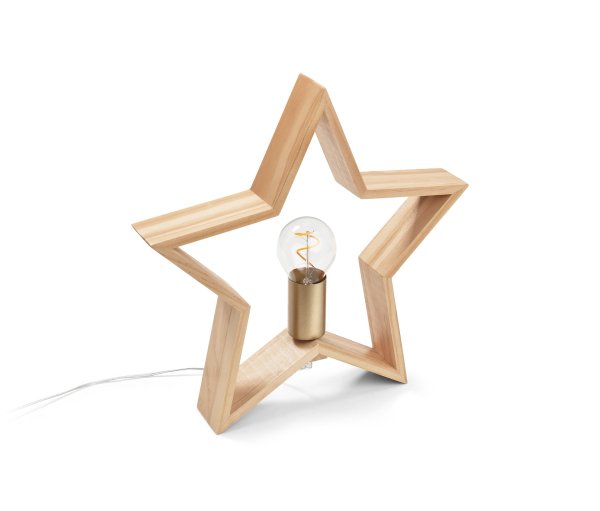 Tchibo - LED-Holzstern - beige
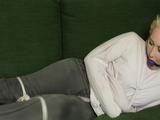 Snow in Straightjacket and Sneakers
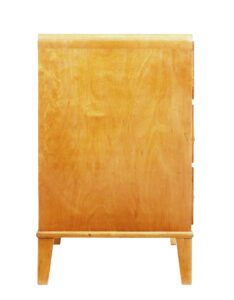 Mid 20th Century Scandinavian Birch Chest of Drawers — thumbnail 4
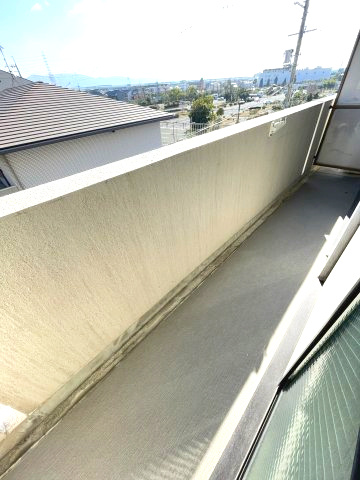 コーポグランディールのバルコニー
----------------
What the task requires: An exact repeat of all the data is required, pictures excluded.

Result of this task:
 Tchibo - LED-Holzstern - beige
 Snow in Straightjacket and Sneakers
 Mid 20th Century Scandinavian Birch Chest of Drawers — thumbnail 4
 コーポグランディールのバルコニー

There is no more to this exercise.